Here’s an example: If you have a valuable newsletter, improve on it. Add a new column, feature, or article series; change the graphics; or make it easier for members to access, read, or download. If your website isn’t mobile-friendly, make the change in 2017. Focus on making all communications a must-read for your members. Members will welcome the improvements and value your association more.

2. Listen seriously to what your staff needs.

It is your staff’s responsibility to control expenses – labor being the biggest line item. Providing the tools they need can make a big impact on member service. They hear the issues and problems of your members every day, they are your biggest ear. Support their work and commitment by acting upon their needs.

Here’s an example: 
If staff recommends an upgrade to your Association Management System (AMS) to improve your membership database, strongly consider it. Keeping up to date with technology ensures your most valuable asset – member data – is housed securely and staff will save time with the automated tools that comprehensive AMS platforms provide. Most of all, members will appreciate easy-to-use tools such as online member directories and event registration forms.

3. Say good-bye to sacred cows.

Painful, yes. It begins with your and your organization’s leadership engaging in honest conversation about unproductive or hugely distracting initiatives. Your gut may already tell you which programs to retire. If not, financial analysis of a program’s cost should help.

Here’s an example: As part of the budgeting and planning process, with all emotion and nostalgia set aside, leadership can no longer ignore the true financial drain of a long-time program that consistently underperforms. Face the obvious and retire the program or plan its phase out. Replace it with more relevant and accessible member training or implement a fresh initiative to replace the stale one.

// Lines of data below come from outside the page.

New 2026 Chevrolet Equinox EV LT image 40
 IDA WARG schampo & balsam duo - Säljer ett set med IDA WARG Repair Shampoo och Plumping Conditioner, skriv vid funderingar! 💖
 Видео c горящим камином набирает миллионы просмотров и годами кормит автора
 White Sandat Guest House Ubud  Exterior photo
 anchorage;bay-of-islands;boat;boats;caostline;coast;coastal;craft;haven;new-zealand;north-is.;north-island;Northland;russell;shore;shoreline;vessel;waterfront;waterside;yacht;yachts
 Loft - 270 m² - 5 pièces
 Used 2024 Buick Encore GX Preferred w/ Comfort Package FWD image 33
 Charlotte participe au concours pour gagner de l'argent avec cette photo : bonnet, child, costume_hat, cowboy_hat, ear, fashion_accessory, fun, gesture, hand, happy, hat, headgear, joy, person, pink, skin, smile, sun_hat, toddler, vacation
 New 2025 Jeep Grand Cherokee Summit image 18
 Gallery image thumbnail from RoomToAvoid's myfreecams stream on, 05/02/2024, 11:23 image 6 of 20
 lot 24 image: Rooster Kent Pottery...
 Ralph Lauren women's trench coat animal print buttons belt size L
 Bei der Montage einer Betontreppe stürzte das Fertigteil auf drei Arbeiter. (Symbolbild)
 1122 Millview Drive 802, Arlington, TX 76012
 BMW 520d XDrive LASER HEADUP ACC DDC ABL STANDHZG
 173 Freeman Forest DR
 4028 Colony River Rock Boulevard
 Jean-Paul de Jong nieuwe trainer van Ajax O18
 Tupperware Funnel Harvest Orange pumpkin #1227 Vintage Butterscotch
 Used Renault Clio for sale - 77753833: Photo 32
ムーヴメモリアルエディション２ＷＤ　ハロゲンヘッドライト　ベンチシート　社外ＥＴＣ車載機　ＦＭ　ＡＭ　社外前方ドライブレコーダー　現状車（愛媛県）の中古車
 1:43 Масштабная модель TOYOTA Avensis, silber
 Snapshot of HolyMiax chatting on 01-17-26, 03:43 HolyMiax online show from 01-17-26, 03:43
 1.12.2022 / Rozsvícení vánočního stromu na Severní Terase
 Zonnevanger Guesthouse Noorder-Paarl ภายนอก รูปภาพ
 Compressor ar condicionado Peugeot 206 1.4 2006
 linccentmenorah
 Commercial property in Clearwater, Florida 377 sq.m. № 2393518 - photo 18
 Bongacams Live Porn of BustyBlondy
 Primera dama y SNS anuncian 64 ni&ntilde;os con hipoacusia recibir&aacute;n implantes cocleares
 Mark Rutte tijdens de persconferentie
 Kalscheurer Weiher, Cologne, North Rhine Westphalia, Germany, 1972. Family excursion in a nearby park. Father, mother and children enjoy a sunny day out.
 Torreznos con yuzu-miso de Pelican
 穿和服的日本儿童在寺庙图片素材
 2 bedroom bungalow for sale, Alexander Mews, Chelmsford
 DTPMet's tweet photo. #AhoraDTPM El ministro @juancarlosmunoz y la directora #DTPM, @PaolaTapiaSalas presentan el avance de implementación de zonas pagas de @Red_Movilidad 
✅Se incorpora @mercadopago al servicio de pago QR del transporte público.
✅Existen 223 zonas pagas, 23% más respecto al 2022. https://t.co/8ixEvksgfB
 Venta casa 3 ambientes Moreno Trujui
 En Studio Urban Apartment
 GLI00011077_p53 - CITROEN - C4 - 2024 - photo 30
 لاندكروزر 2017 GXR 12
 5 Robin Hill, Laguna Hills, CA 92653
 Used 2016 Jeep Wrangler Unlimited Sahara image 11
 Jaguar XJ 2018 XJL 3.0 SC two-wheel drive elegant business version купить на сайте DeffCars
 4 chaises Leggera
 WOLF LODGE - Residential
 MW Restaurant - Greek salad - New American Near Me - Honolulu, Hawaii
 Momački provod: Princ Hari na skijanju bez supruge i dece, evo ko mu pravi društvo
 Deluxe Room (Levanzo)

4. Nurture growth organically.

In today’s startup-minded world, when venture capital often funds little more than an idea, it’s tempting to follow the next, new, bright and shiny object (aka Apps! Viral video campaigns! New chapters!). We suggest you “go beta” instead of jumping in full force. Start with a pilot or one-time endeavor. Test it, evaluate it, survey it, check the metrics, and make adjustments.

Here’s an example: A few years ago, one of SBI’s clients launched a new education program with two webinars. The next year, they moved to four offerings; and since then, they’ve expanded to 10 webinars per year that are now an important revenue stream. Because the organization trialed webinars and evaluated member response, testing the waters, so to speak, it was well positioned to expand on that foundation in a fiscally sustainable way.

Pay attention to what you can improve, and make it better. Return to your core reason for existence and feed that. Doesn’t it make sense that if you improve delivery of your core services, you’ll attract and engage more members? Improve upon existing services, try out a new approach, and adequately fund the successful programs already in place. This kind of focus will position your association for a solid future.